I don't know abotu Nubians but my goats (Boar, kiko, spanish) all scream when they are stressed and when they know they are supposed to be fed/let out.

Since it is a new environment, this is causing them some stress.  The babies sound enough like human babies my nieghbor came over and checked once.


----------



## glenolam (Jun 15, 2010)

Congratulations on your goats!

I have nubian crosses and they are just as loud, but mostly when I first get home from work - they think I'll just drop everything to feed them!  Sorry, but my people family comes first! 

It's a new environment - did they come from the same breeder?  If so, that should help as they are at least used to each other...


----------



## cmjust0 (Jun 15, 2010)

I had a neighbor tell me that he actually drove down to my place once to see if everything was OK, only to find that there was nobody home..  Said he kept hearing someone yell "HEEEEEEEEEEEEELP!"

Nubians.  It's who they are.


----------



## DouglasPeeps (Jun 15, 2010)

glenolam said:
			
		

> Congratulations on your goats!
> 
> I have nubian crosses and they are just as loud, but mostly when I first get home from work - they think I'll just drop everything to feed them!  Sorry, but my people family comes first!
> 
> It's a new environment - did they come from the same breeder?  If so, that should help as they are at least used to each other...

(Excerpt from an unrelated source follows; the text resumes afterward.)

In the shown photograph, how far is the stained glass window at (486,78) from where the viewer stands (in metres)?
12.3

Yes, they did come from the sale breeder.  I am sure it does help, however right now they just seem to be feeding of each other.....if one yells the other yells, and so on.  Thanks!


----------



## DouglasPeeps (Jun 15, 2010)

Thank you all for your responses.  It makes me _not as nervous _to know it is normal behavior.  I will try not to stress now.


----------



## Mea (Jun 15, 2010)

DouglasPeeps said:
			
		

> Thank you all for your responses.  It makes me _not as nervous _to know it is normal behavior.  I will try not to stress now.


Dunno if This will help You 'not stress'...but....We have Nubians.   Every year in the kid crop we have one...if not more, that scream             For no apparent reason.   It can reach the point that i am ready to hang them up by their long beautiful ears !      We have even had one that yodeled !!  

      Feeding time here Never comes as quickly as Any of the critters would like !    Sheep are baa-haaing.... Goaties Maaaaaaaing.... i think even the chickens get in on the ruckus, but at that point i'm too busy to pay much attention. 


  Especially if they are new to You and Your home the Nubians will be quite vocal.   We always figure about 3 days of uproar, then things semi calm down...if we're lucky.... 

   It will also take a bit of time for them to bond with each other. then that should help comfort them.   While it is hard... if at all possible i would Not run out every time they start up... that tends to re-enforce the  " Someone comes when we call "  attitude.  Goats learn quickly how to manipulate us mere humans. 

   They really are Neat creatures... and a lot of fun to try and out-guess !


----------



## ThreeBoysChicks (Jun 15, 2010)

Good to know.  I am getting my first Nubian Saturday.


----------



## DouglasPeeps (Jun 15, 2010)

Mea said:
			
		

> DouglasPeeps said:
> 
> 
> 
> ...


Yes, thank you, it does help to hear!


----------



## rmbouillon (Jun 16, 2010)

Not to discourage you, but I have two bucklings (who are going to the freezer soon if it doesn't stop) that after over a month in the new pasture are still yelling at times. It may have something to do with being force weaned from their moms as they are over 3 months old and the moms were getting very skinny. All the rest yelled for 2-3 days and then calmed down.


----------



## DouglasPeeps (Jun 16, 2010)

Both of the girls did much better today.  There was lots of _muaaaaing_
but not the yelling that went on yesterday.  They also quieted down MUCH quicker when we walked away each time and didn't carry on hardly at all.  So, hopefully they will continue to adjust and feel more and more comfortable each day.  

Thanks all!!!


----------



## Lil-patch-of-heaven (Jun 17, 2010)

Lol I like the yodeling goat. 

I have one that sings. A lot of muahhing goes on to touch base if any of my herd get separated or wander too far from the others. I have a bottle baby who calls out if she hears her name then confines to talk quietly as she walks to wherever we are. And anyone who thinks we are late doing something (usually milking orbeing put in the barn or let out) will SCREAM constantly. And my little wether cries piteously when I try to separate him from his mom for a few hours. 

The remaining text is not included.